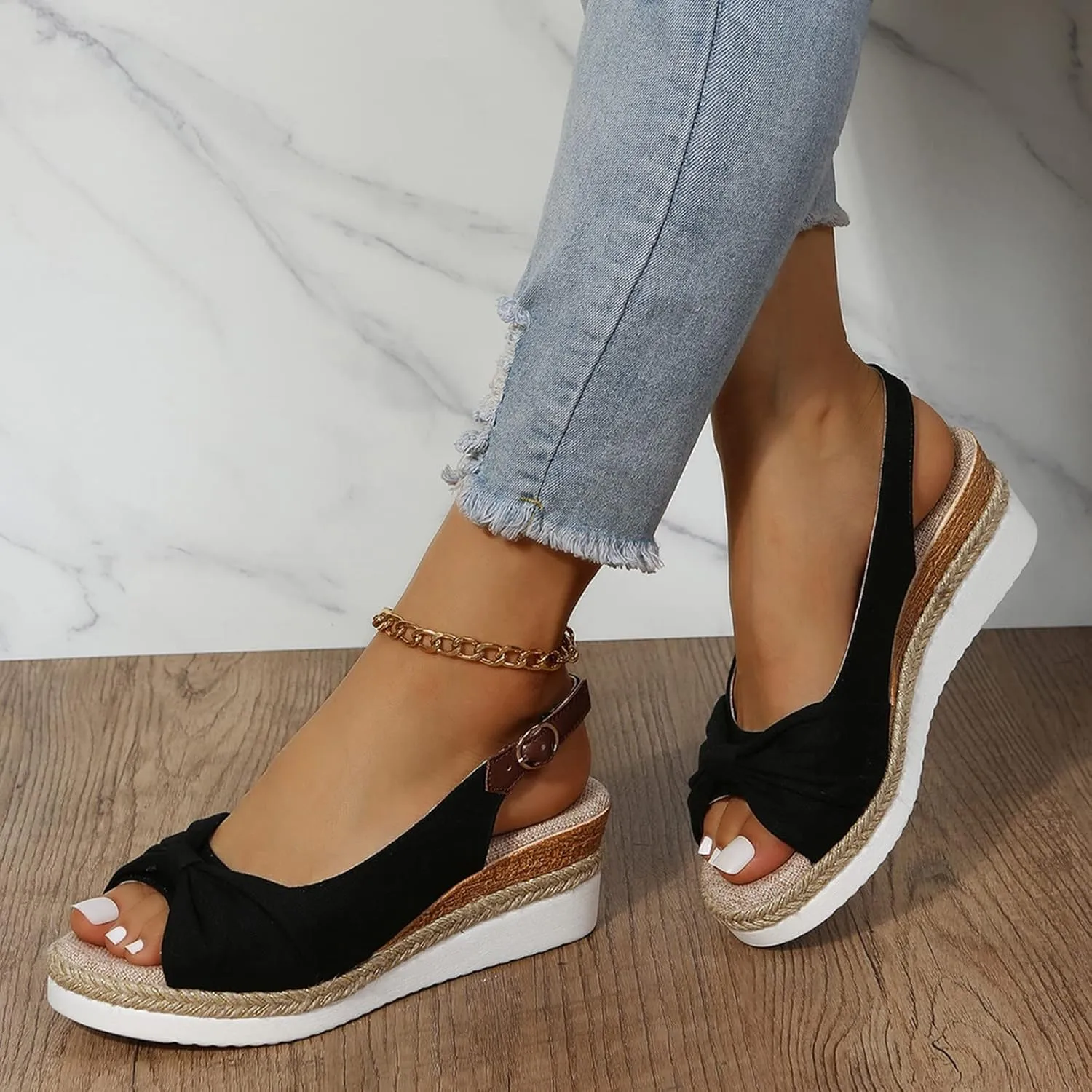 Platform Sandals Women Wedge Braided Platform Adjustable Ankle Band Breathable Beach Shoes Slip-Resistant Tread 2025 Spring and Summer Vacation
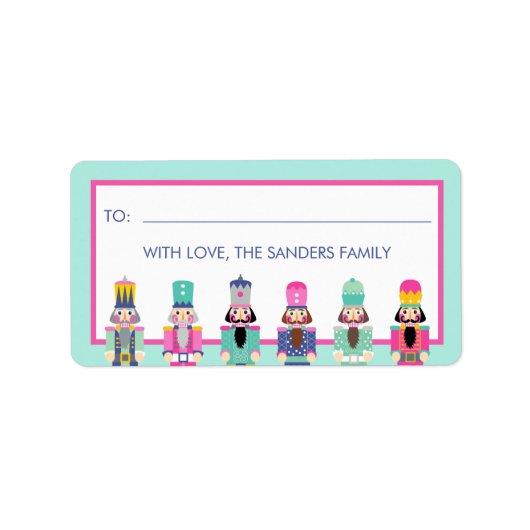 KERSTMIS ROZE NOTENKRAKER CADEAU STICKER (Voorkant)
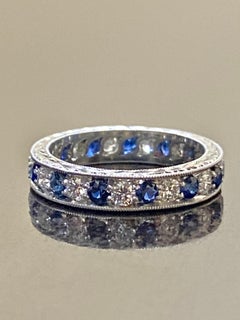 Art Deco Hand Engraved Platinum Eternity Diamond Blue Sapphire Engagement Band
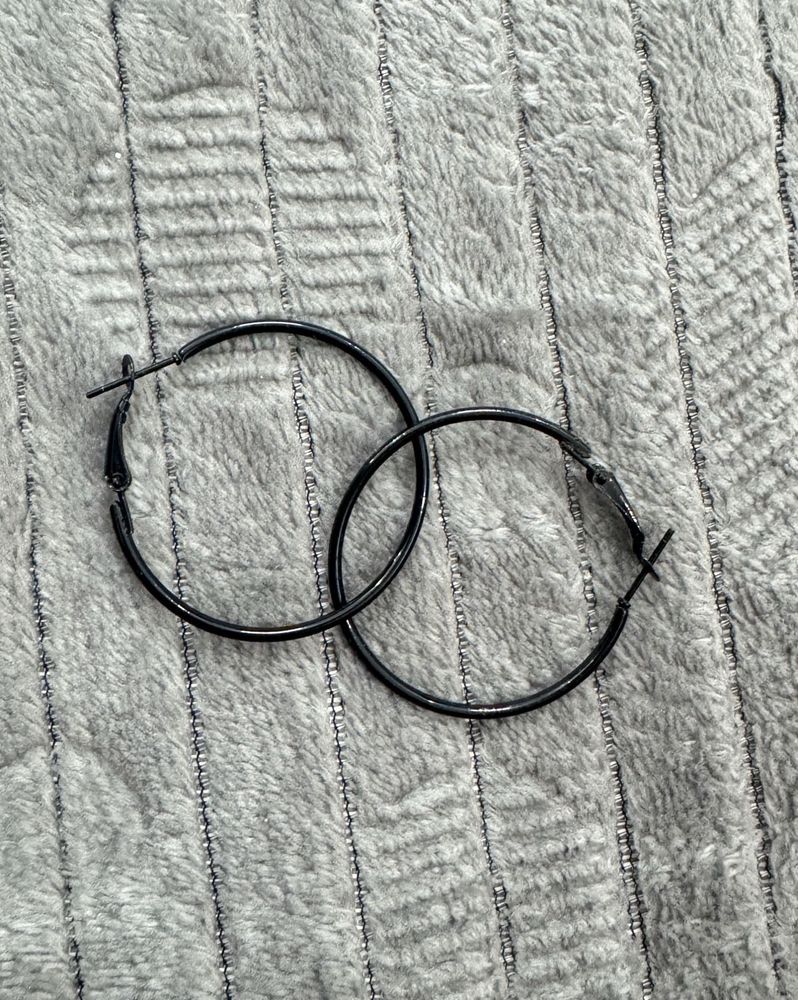 Black Hoop Earrings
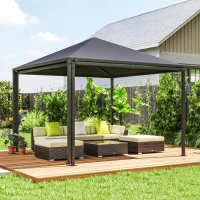 Outsunny Gazebo da Giardino Estensibile con Ruote e Copertura in Poliestere UPF30+,  3x3 m/3x5.6 m, Grigio(m-7)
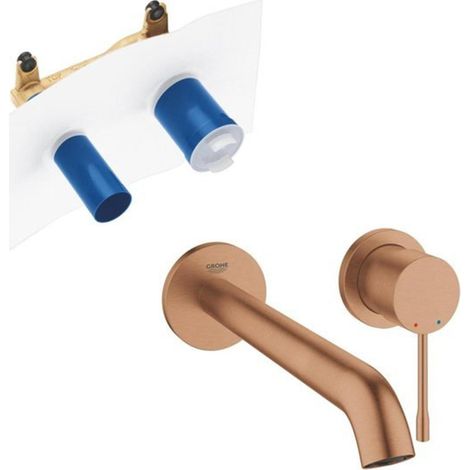 GROHE Essence New Mitigeur de Lavabo Encastré - Bec 23 cm - Taille L - Partie Encastrée - Finition Brushed Warm Sunset (1/5)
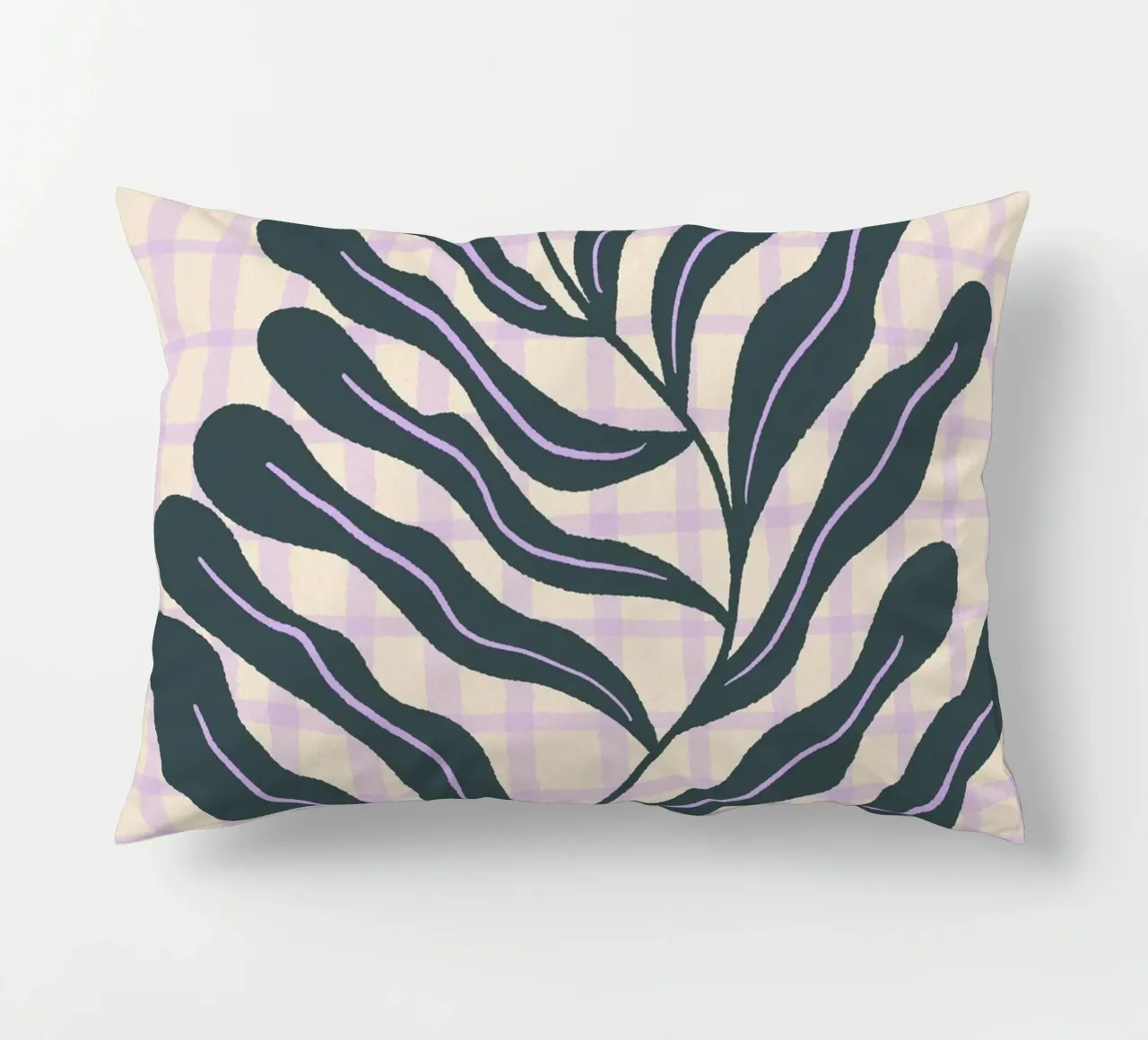 Abstract branch on a grid pattern 2 decorative cushion by Wackapacka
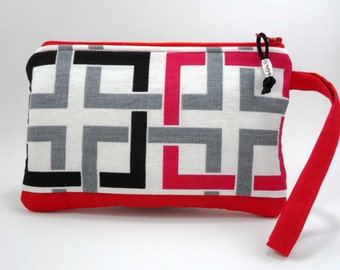 Grey Black Red Deco Wristlet, Wallet Wristlet, Clutch Purse Wristlet, Quilted Accessory Bag, Modern Deco Clutch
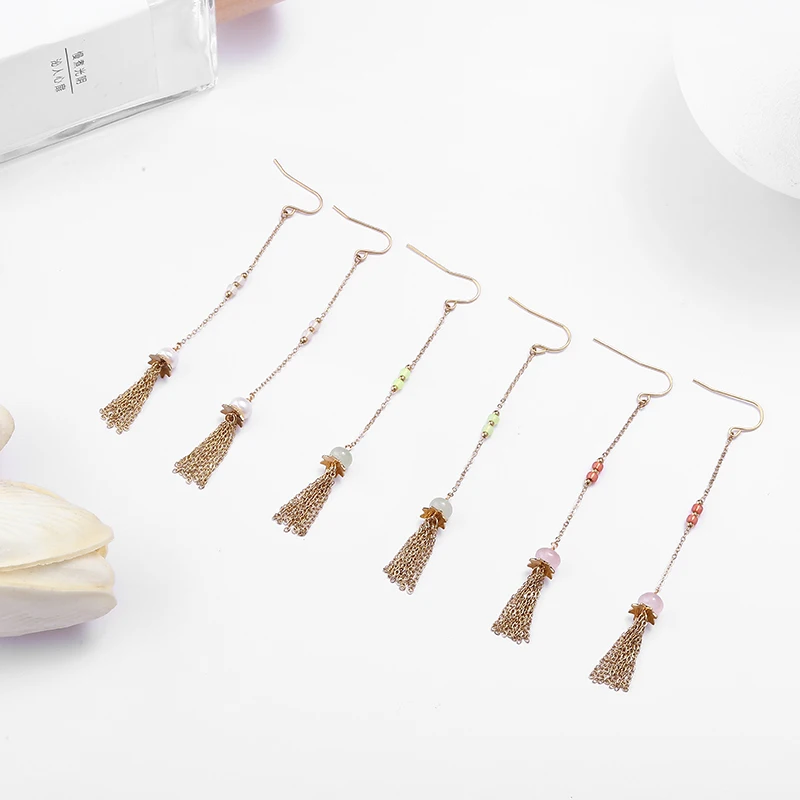 Серьги-подвески hupo.hutu из нержавеющей стали с жемчугом и агатом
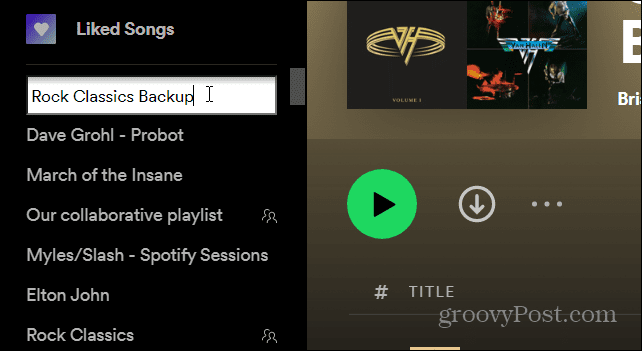 přejmenovat kopírovat seznam skladeb na Spotify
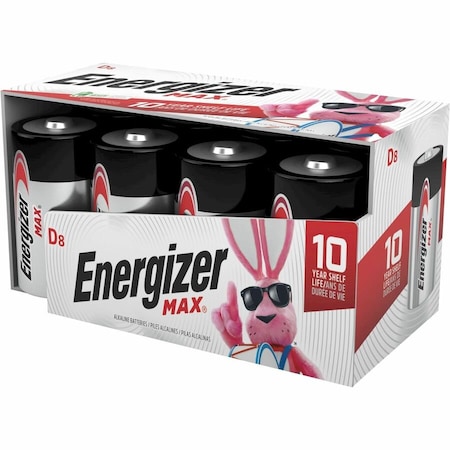 Energizer Max D Alkaline Batteries, 8PK E95FP-8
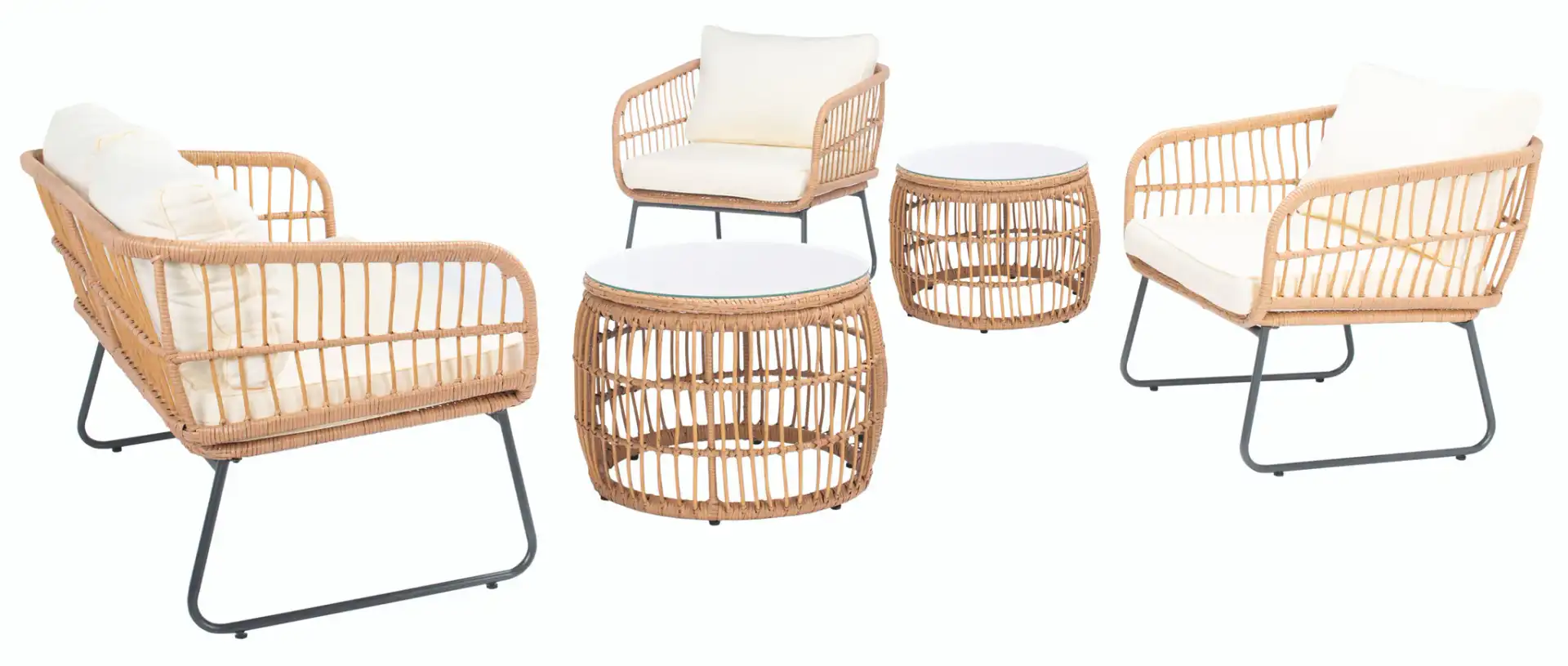 Venta Five-Piece Living Set in Natural / Beige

# TASK:
Reproduce, with no pictures, the lines from the one containing "Grey Black Red" to the end of the records above, exactly and inclusively.

# TASK SOLUTION:
 Grey Black Red Deco Wristlet, Wallet Wristlet, Clutch Purse Wristlet, Quilted Accessory Bag, Modern Deco Clutch
 Серьги-подвески hupo.hutu из нержавеющей стали с жемчугом и агатом
 přejmenovat kopírovat seznam skladeb na Spotify
 Energizer Max D Alkaline Batteries, 8PK E95FP-8
 Venta Five-Piece Living Set in Natural / Beige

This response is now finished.